University materials scientists and museum art conservators collaborated to refine a metal oxide coating that uses nanotechnology to reduce tarnish and preserve silver artworks.
Tarnish--the corrosion of highly polished silver surfaces--is a monumental problem for art collections throughout the United States and the world. The development of a long-lasting barrier coating suitable for one-of-a-kind silver artifacts would significantly reduce the cost and labor associated with maintaining and preserving silver art.
The standard practice in art conservation to reduce silver corrosion is the tedious application of a solvent-based polymeric coating (nitrocellulose) on artwork (manually applied by spraying, brushing, dipping or a combination of these techniques). Large, 3-D shapes with protrusions and irregularities such as handles, feet and lips are challenging to uniformly coat.
Additionally, polymer-based barrier coatings reduce the reaction of silver metal with tarnishing pollutants, but they only last 10 to 20 years.
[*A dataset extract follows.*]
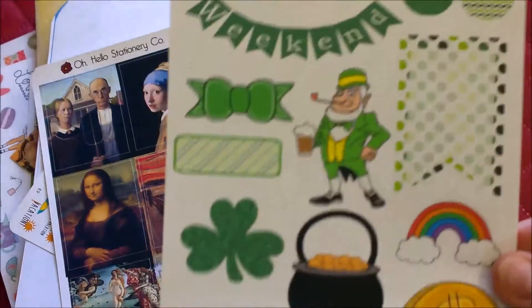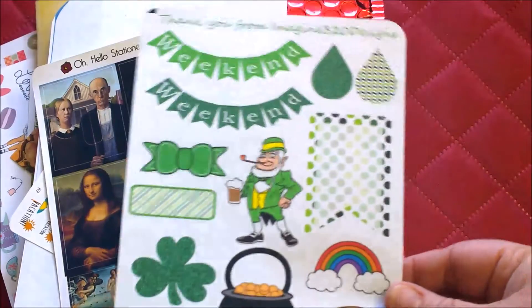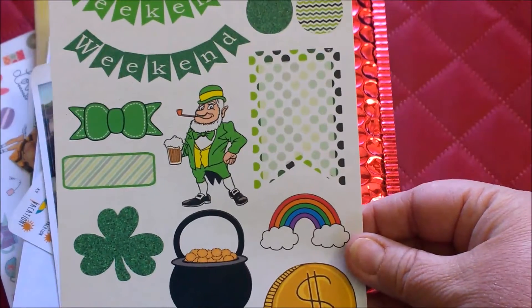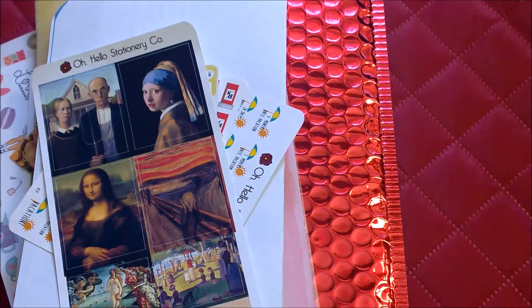She also threw in a St. Patrick's Day sticker sheet as a freebie. Had I known this, I wouldn't have had to buy the other set again, but it's really cute. I like the icons and it's really nice. I appreciate that a lot.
Using a technique from nanotechnology called atomic layer deposition, scientists are refining an alternative preservation strategy in which they apply nanometer-thick films of metal oxide on silver to reduce corrosion. The coating's lifetime could be more than 100 years.
Next, researchers will explore whether the coating meets rigorous tests required by conservators for practical use in the art world, such as being easily transported, removed and stored.